There are certain factors to be considered while evaluating CDN of choice for your website/content:
- Geography: What are the geographies you want to serve for your current and future user base. Does the CDN provider has servers in all those geographies to serve all of your user needs? If not what are the plans in near future.
- Cost or performance: Motives of implementing CDN can be either increasing the performance or reducing cost of existing bandwidth. While both objectives tend to align in this case, there might cases where you have to weigh one over other. In terms of cost, you might want to look at various options like buying a fixed quota for a fixed price for certain duration, or a purely month to month subscription for CDN as a service.
- Replication: What your applications needs for replication and is that satisfied with given service provider within your budget?
Benefits of CDN
End users are the biggest beneficiaries : page load times are faster, loading of big files like media content is without “jitter”! By making multiple copies of data at different data centers and distributing across world prevents single point of failure, while backing up your data in process. Even if one of the servers goes down for some reason, the traffic can be routed to other nearby servers without affecting end users. One of important but easily not identified benefits of using CDN is conservation of bandwidth. By redirecting the requests to servers closer to user, the traffic on source server reduces which is significant reduction in traffic and bandwidth costs overall.
Akamai is one of biggest and oldest CDN providers. Amazon has a CDN offering- Amazon CloudFront and Rackspace offers Cloud files and uses Akamai’s services. For starters some CDN providers offer free service to certain limit of data like CloudFlare or Incapsula.

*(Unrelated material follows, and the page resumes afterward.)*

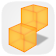 Cube Cube icon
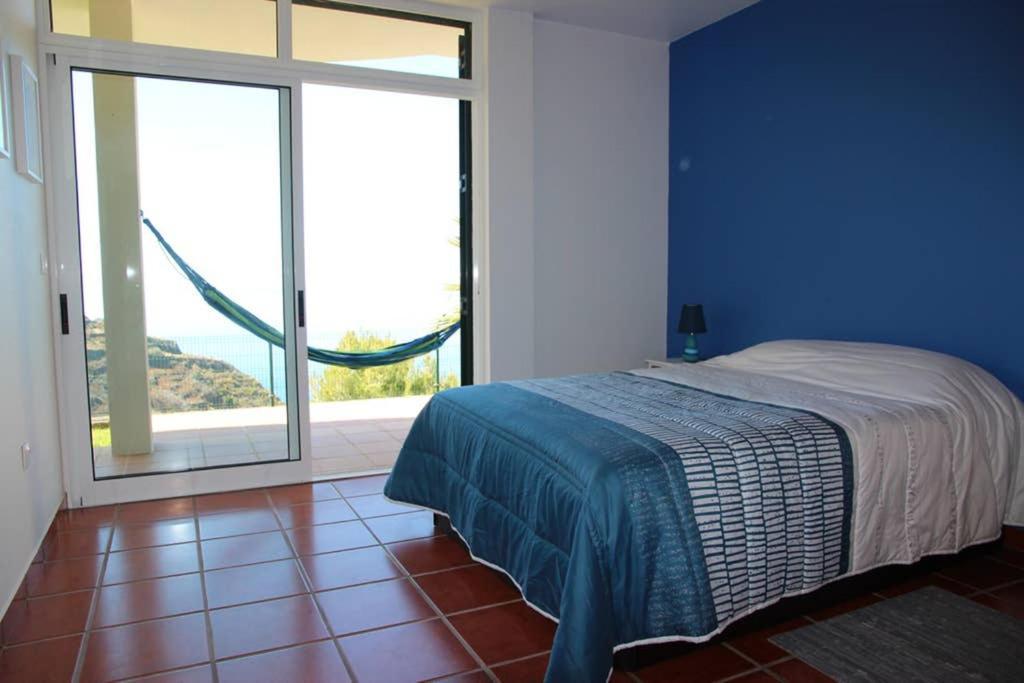 شقة Apartamento Mar Azul كالهيتا المظهر الخارجي الصورة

Telecom providers too have entered this space, like AT&T in US or Bharti Airtel in India. One of advantages of telecom players is they already have the last mile connectivity and infrastructure investments in place.
In essence, Content delivery networks are based on End-to-End principle. One hand they improve experience for end users, on the other end they provide high availability and fail-over mechanism. Do keep CDN in mind when you architect your next gen media centric website for your global audience!